From the Farms Not Arms website:
Jim Dunlop may have brought some demons with him after serving as a Marine in the first Iraq war in 1990. But he says he’s worked them out raising free-ranging pigs and laying hens on a 20-acre farm in Las Lomas.
Dunlop is a living example of what the group Farms Not Arms wants to achieve. The farmers association has started a program, dubbed Swords to Plowshares, which aims to help veterans to overcome painful war memories by encouraging them to become farmers, in a literal interpretation of the Old Testament passage, “And they shall beat their swords into plowshares and their spears into pruning hooks.”
The initiative aims not only to offer veterans solace, but also the chance to switch careers. Farms Not Arms’ co-founder Michael O’Gorman said a disproportionate percentage of soldiers’ fatalities in the Afghanistan and Iraq wars have been young people coming from small, rural towns.
“The military is a job opportunity for people who had no opportunities on the land,” O’Gorman said. “And we want to reverse that.”
He spoke at the Eco-Farm Conference last month in Pacific Grove. Both O’Gorman and Dunlop participated in a panel that included three other veterans.
Dunlop, now 38, had just finished high school when he joined the Marine Corps.
“I wanted to be a tough guy, so I joined the Marines,” he said. “I thought it would be good for traveling.

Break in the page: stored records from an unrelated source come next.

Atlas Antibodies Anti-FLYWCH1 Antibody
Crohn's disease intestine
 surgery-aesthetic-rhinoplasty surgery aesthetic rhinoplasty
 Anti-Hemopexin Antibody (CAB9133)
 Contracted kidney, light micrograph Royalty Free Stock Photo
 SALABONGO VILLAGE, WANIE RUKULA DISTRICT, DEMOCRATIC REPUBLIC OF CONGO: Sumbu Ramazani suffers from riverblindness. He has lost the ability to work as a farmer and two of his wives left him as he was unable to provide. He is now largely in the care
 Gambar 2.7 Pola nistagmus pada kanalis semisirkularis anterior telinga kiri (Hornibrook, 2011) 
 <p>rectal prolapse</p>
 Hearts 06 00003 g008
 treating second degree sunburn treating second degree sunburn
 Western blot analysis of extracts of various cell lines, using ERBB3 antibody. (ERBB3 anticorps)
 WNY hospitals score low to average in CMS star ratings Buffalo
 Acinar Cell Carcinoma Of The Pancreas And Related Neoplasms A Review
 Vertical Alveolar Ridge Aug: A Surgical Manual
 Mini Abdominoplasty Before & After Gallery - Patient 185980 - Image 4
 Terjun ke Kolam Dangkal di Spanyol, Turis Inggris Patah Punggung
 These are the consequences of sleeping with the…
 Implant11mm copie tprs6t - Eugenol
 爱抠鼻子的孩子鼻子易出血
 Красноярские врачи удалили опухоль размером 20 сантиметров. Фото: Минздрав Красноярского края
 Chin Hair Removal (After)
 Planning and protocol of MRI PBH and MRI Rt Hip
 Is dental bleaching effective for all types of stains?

“I didn’t have a good concept of what four years in the military would be like – I guess that when you’re young, you don’t have such a good concept of time.”
Dunlop, an athletic man who had been a track star in high school, said he really liked being in the Marine Corps … but only for the three-month duration of boot camp.
“I hated it when it became more like a job,” he said.
After boot camp, Dunlop was sent to an artillery training school in Oklahoma, then spent one year posted on a Navy ship. “It felt like prison,” he said. He started running around in circles on the ship’s deck at night; it took him 30 laps to complete a mile.
Afterward, Dunlop was sent to Camp Pendleton in Oceanside, where he started running “like crazy,” about 20 miles a day, and joined the Marines’ track team. He tried to get kicked out of the Marines; on one occasion he smashed his own hand with a rock and pretended he had broken it while running, so he could go visit his family in New York.
When he came back, he was deployed to the Gulf War. It was December 1990.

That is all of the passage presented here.